Blending and Shading: how the light hits a form and describes it.

The essentials of painting are recognizing and describing simple shapes, as they not only describe objects but also move the viewer’s eye through the painting- that is composition. Solid forms are made from simple shapes by adding a light source and shading. Complex forms are made by combining simple forms, and overlapping forms creates palpable space. The essentials of painting are recognizing and describing simple shapes, as they not only describe objects but also move the viewer’s eye through the painting- that is composition. Solid forms are made from simple shapes by adding a light source and shading.

Complex forms are made by combining simple forms, and overlapping forms creates palpable space. Learning how to simplify what you’re looking at is crucial. From there you can organize the elements that make up the image.

Workshop 2. Composition: May 4-5

How to get people to stop, look, and stay longer.

You could it “the art of manipulation.” Large directional lines and variety in the intersections of shapes direct the viewer’s eye through your painting. Using examples from art history, posters and cartoons, we’ll look into how.
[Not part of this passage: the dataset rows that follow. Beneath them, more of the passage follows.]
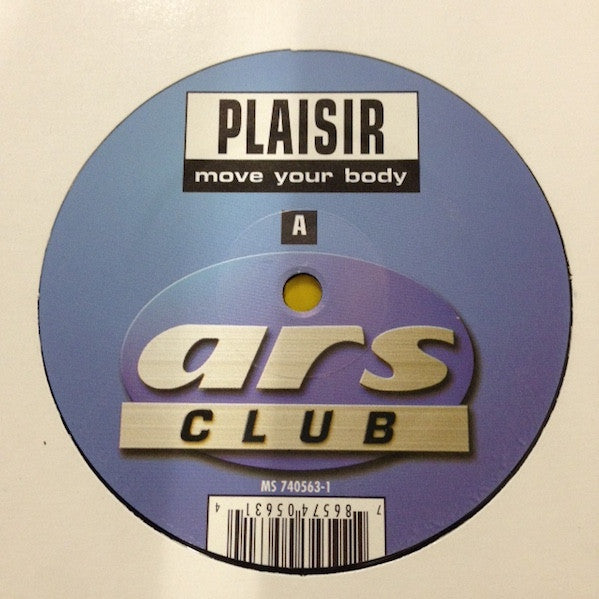 Plaisir : Move Your Body (12")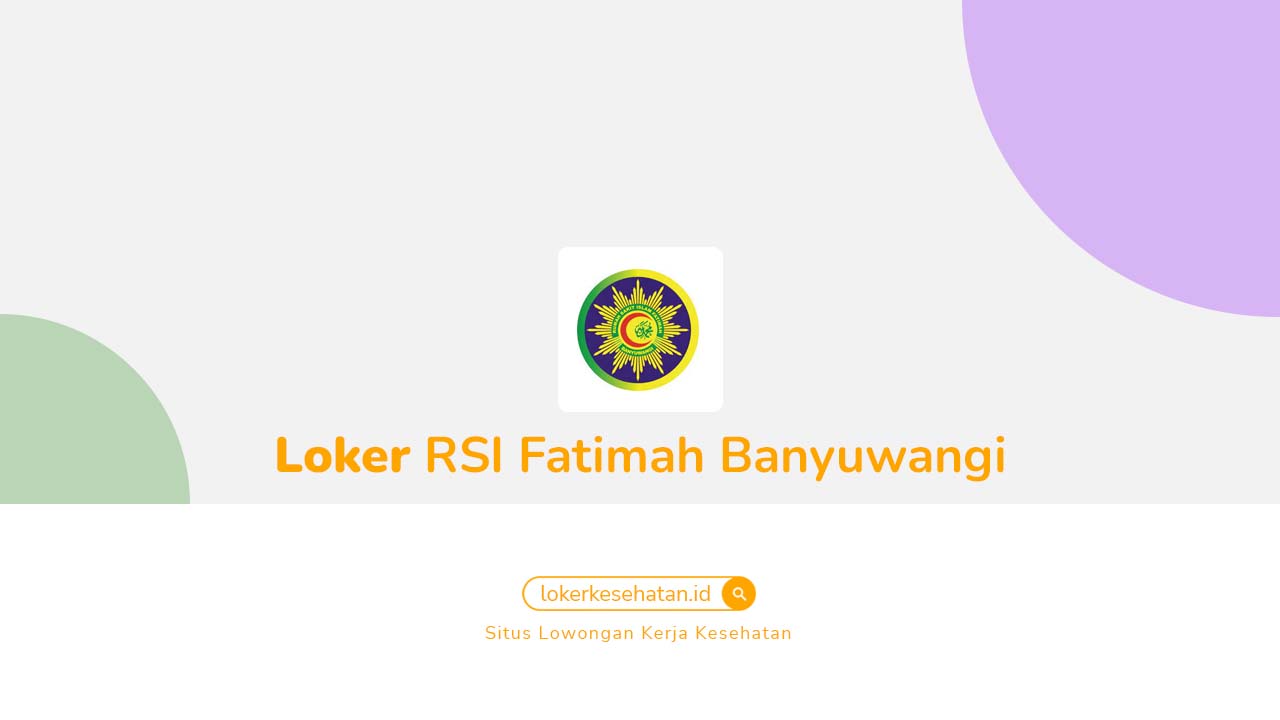 Loker RSI Fatimah Banyuwangi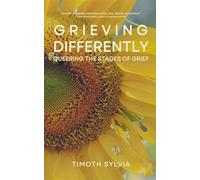 Grieving Differently Queering the Stages of Grief - Timoth Sylvia - Tehom Center Publishing - ebook (ePub) - Livre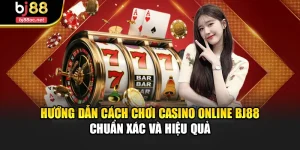 Hướng Dẫn Cách Chơi Casino Online Bj88 Chuẩn Xác Và Hiệu Quả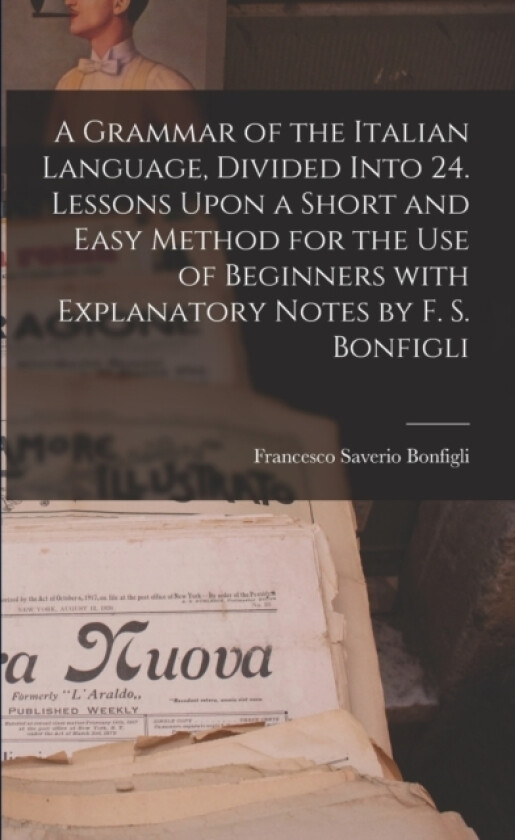 A Grammar of the Italian Language, Divided Into 24. Lessons Upon a Short and Easy Method for the Use of Beginners With Explanatory Notes by F. S. Bonfigli av Francesco Saverio Bonfigli (Paperback)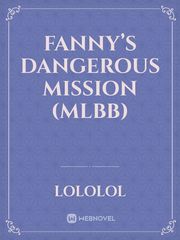Fanny’s dangerous mission (MLBB) Book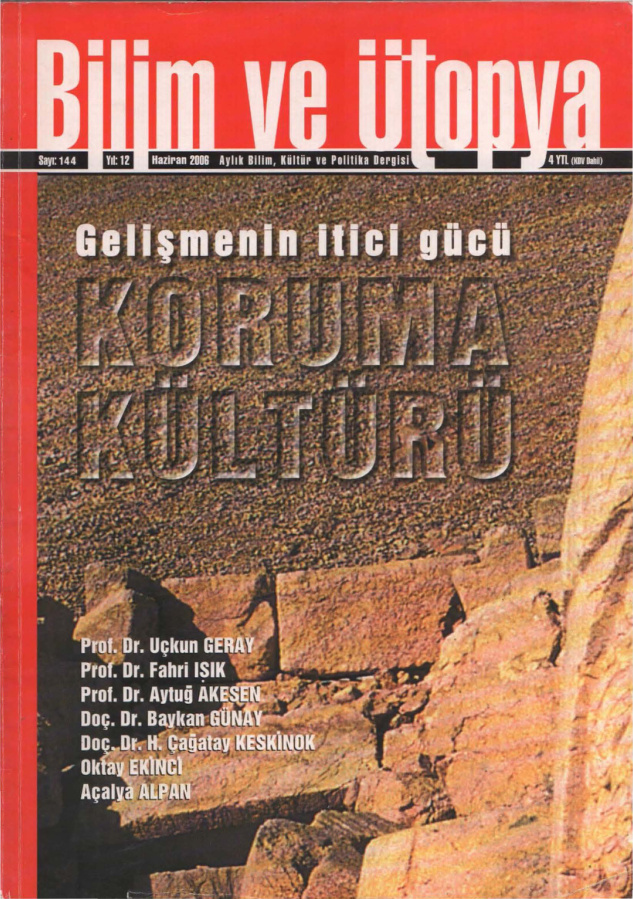 Bilim ve Ütopya Sayı 144 Koruma Kültürü PDF İndir – Kolektif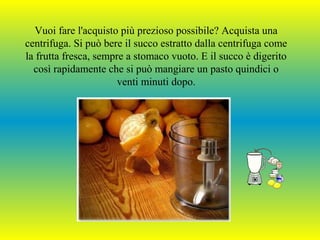Vuoi fare l'acquisto più prezioso possibile? Acquista una
centrifuga. Si può bere il succo estratto dalla centrifuga come
la frutta fresca, sempre a stomaco vuoto. E il succo è digerito
così rapidamente che si può mangiare un pasto quindici o
venti minuti dopo.

 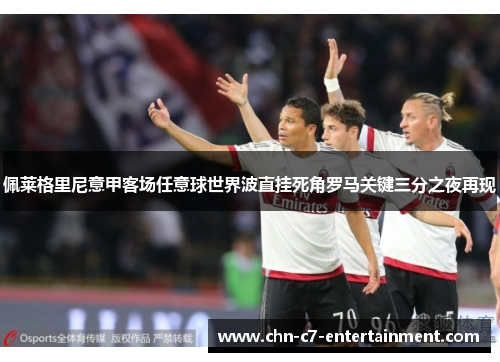 佩莱格里尼意甲客场任意球世界波直挂死角罗马关键三分之夜再现 佩莱格里尼意甲客场任意球世界波直挂死角罗马关键三分之夜再现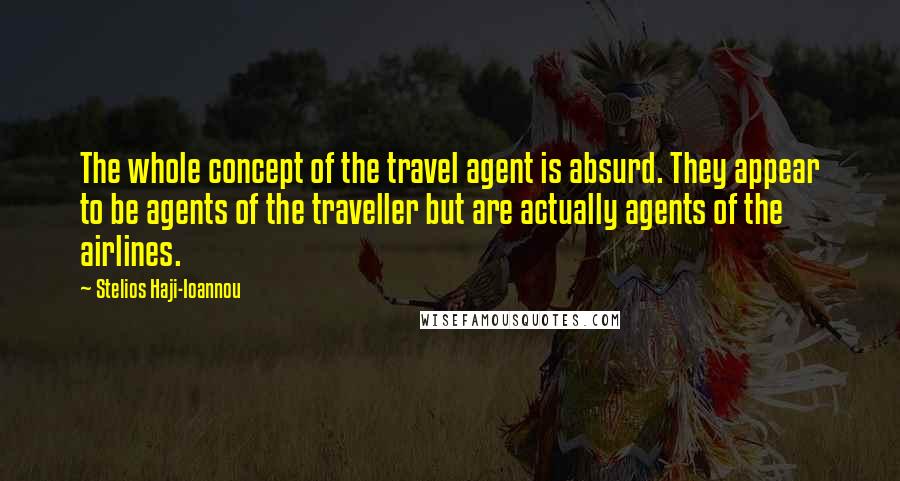 Stelios Haji-Ioannou Quotes: The whole concept of the travel agent is absurd. They appear to be agents of the traveller but are actually agents of the airlines.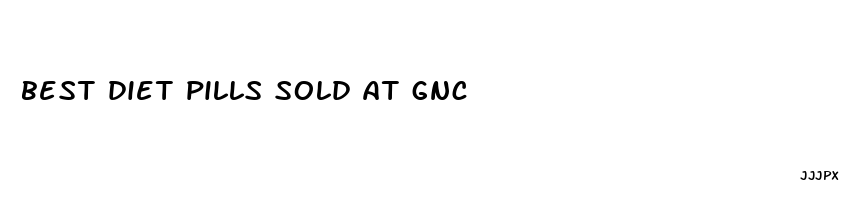 best diet pills sold at gnc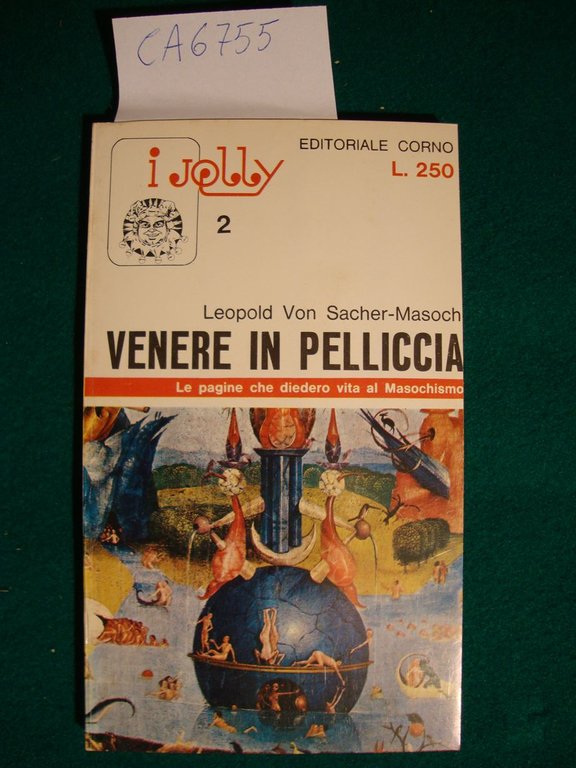 Venere in pelliccia (Le pagine che diedero vita al masochismo)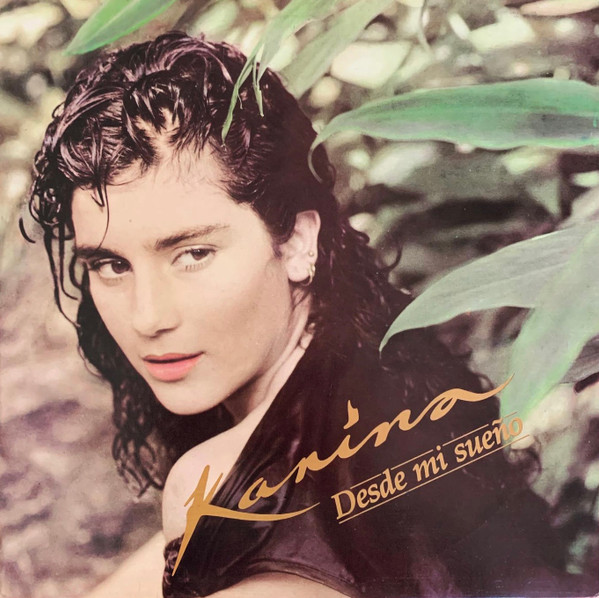 Karina – Desde Mi Sueño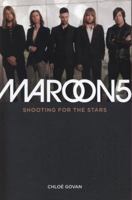 Maroon 5: Shooting for the Star 1783050438 Book Cover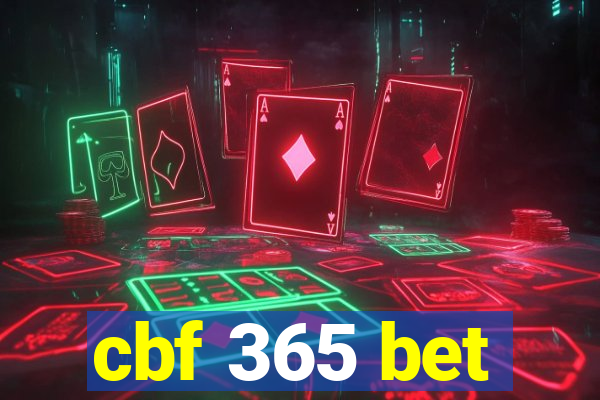 cbf 365 bet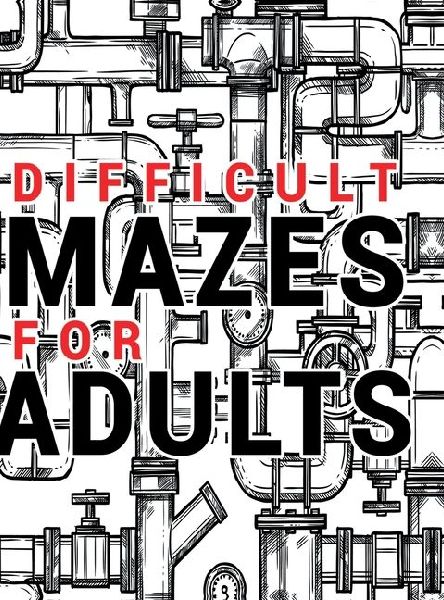 Mazes for Adults Difficult: Adult Puzzle Mazes Book 99 Difficult Mazes and Labyrinth Can you escape the maze?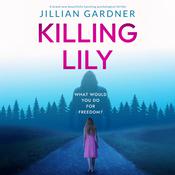 Killing Lily by  Jillian Gardner audiobook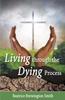The Living Through the Dying Process Book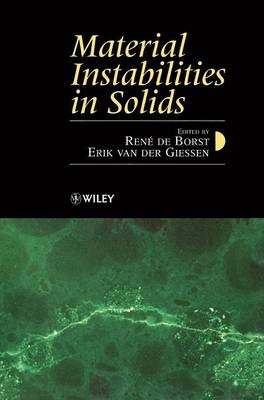 Material Instabilities in Solids - René De Borst; Erik van der Giessen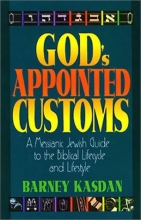 Cover art for God's Appointed Customs: A Messianic Jewish Guide to the Biblical Lifecycle and Lifestyle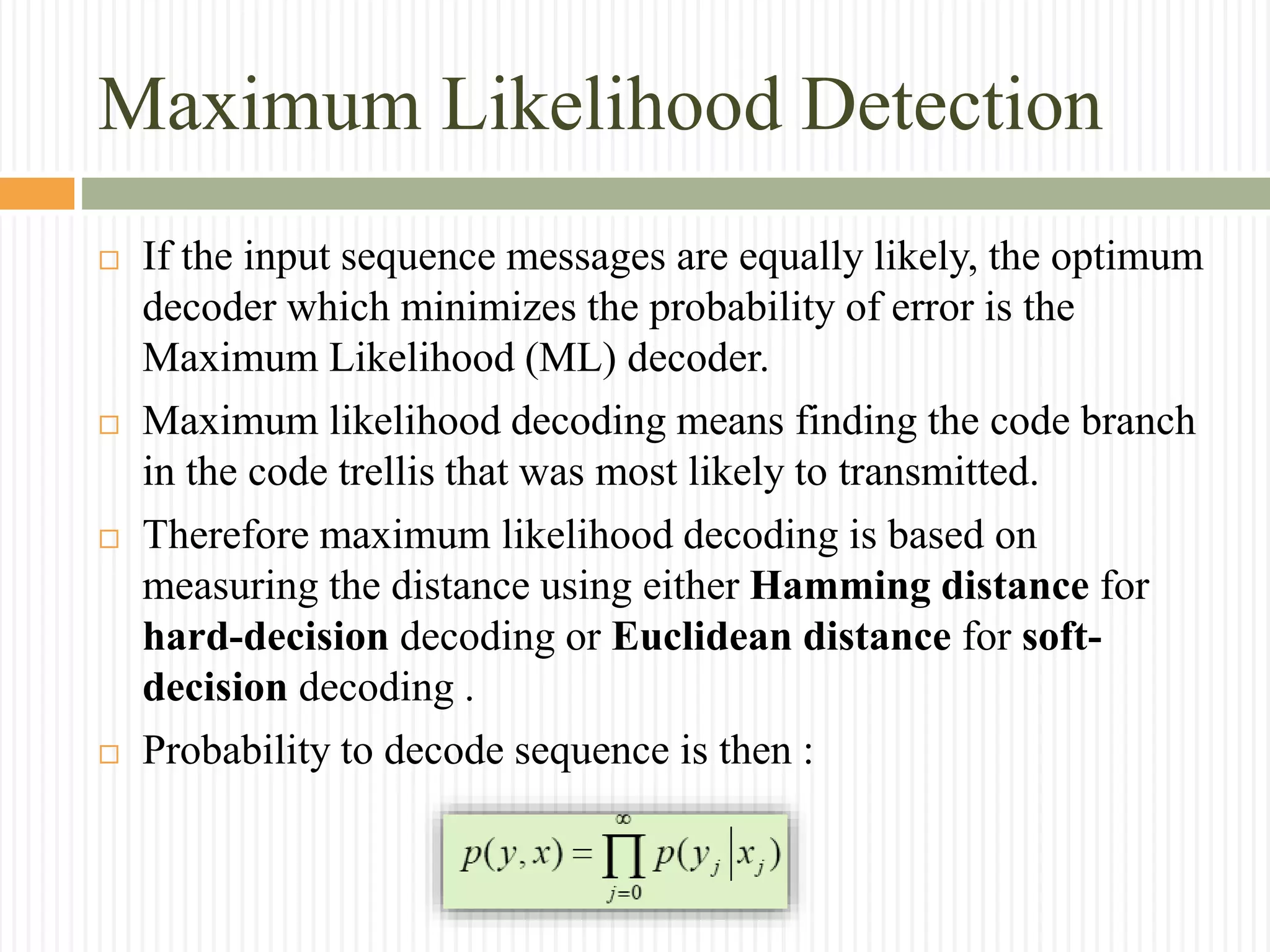 Maximum Likelihood Detection
 If the input sequence messages are equally likely, the optimum
decoder which minimizes the probability of error is the
Maximum Likelihood (ML) decoder.
 Maximum likelihood decoding means finding the code branch
in the code trellis that was most likely to transmitted.
 Therefore maximum likelihood decoding is based on
measuring the distance using either Hamming distance for
hard-decision decoding or Euclidean distance for soft-
decision decoding .
 Probability to decode sequence is then :
 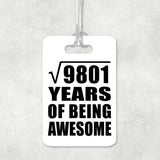 99th Birthday Square Root of 9801 Years of Being Awesome - Luggage Bag Tag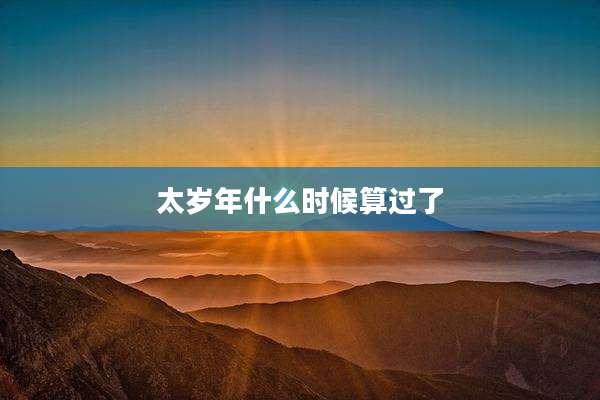 太岁年什么时候算过了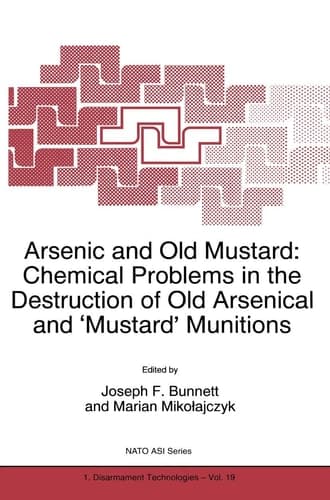 Arsenic and Old Mustard: Chemical Problems in the Destruction of Old Arsenical and `Mustard' Munitions (NATO Science Partnership Subseries: 1, 19)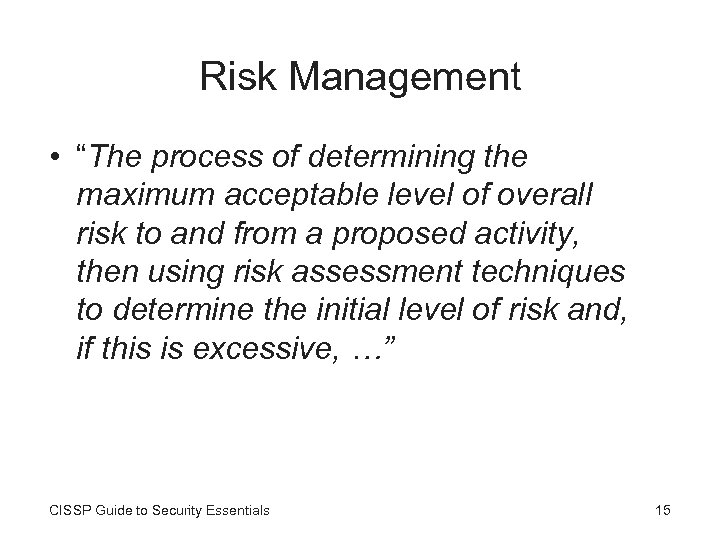 Risk Management • “The process of determining the maximum acceptable level of overall risk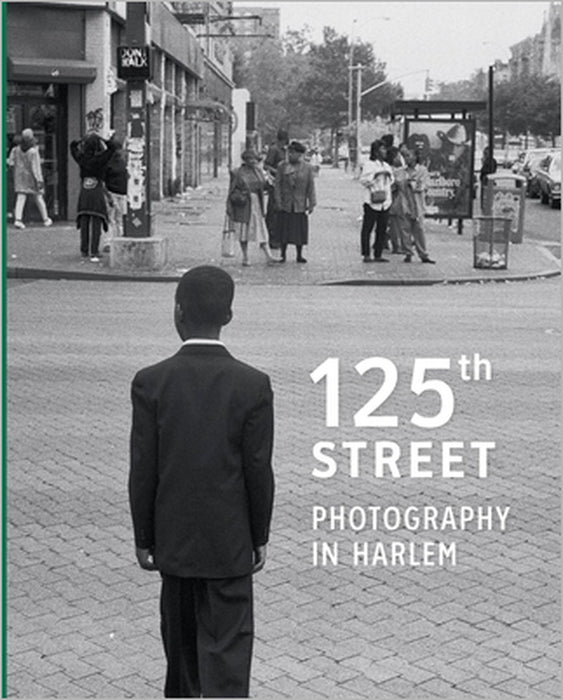 125th Street: Photography in Harlem by Antonella Pelizzari, Arden Sherman
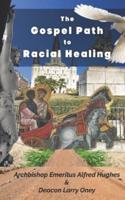 The Gospel Path to Racial Healing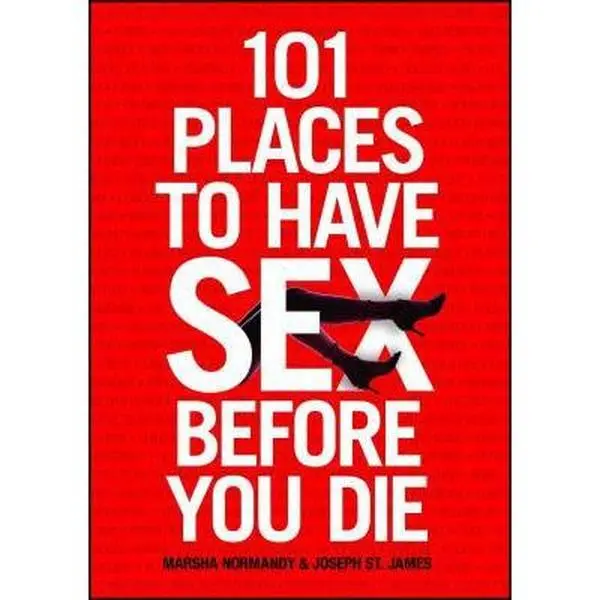 Used Book - 101 Places to Have Sex Before You Die by Marsha Normandy (Paperback, English) - Romantic, Special, Adventurous Humanities & Social Sciences Reading Material with Portable Design, Helpful Icons, Checklist, Difficulty Indicators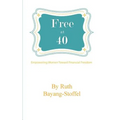 Free at 40: Empowering Women Towards Financial Freedom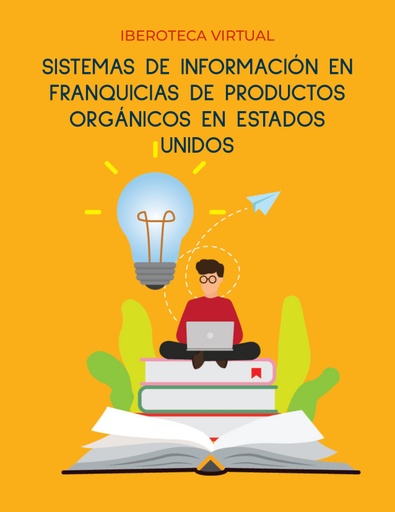 SISTEMAS DE INFORMACION EN FRANQUICIAS DE PRODUCTOS ORGANICOS EN ESTADOS UNIDOS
Workshop 3. Fabrics and Drapery: May 11-12

Using lessons from Shapes into Forms, we’ll learn about a specific case on how to use cylinders, mostly, to create a soft flowing form and how it bends and changes direction. In order to further describe different fabrics, we’ll touch upon painting textures, which is all about which brushes to use, how to handle the brush, and the viscosity of the paint.

Workshop 4. Reflections:May 18-19

Glass, water and chrome are the most obvious examples of reflections, which are defined by, in a word: fluidity. Most of the lines we draw signify edges in the physical world, with the exception of reflections (and shadows), which remain 2D. The shapes in reflections exist side by side rather than overlapping. Lessons learned: wet into wet brush technique, seeing shapes,

Workshop 5. The Art of Copying: June 1-2

Evert artist in every discipline learns by copying, so we may as well do it right. When we copy a painting we’re also copying the painter, in that we try to paint not just what the painting looks like, and not just how they painted. Of course the intention is to learn to paint by emulating their brushstrokes and style, but a secondary intention is to unlock secrets about how the artist made the choices they did: What did they emphasize, how, and why?

For reference on stealing from artists you admire, Google John Cleese and read “Steal Like An Artist” by Austin Kleon.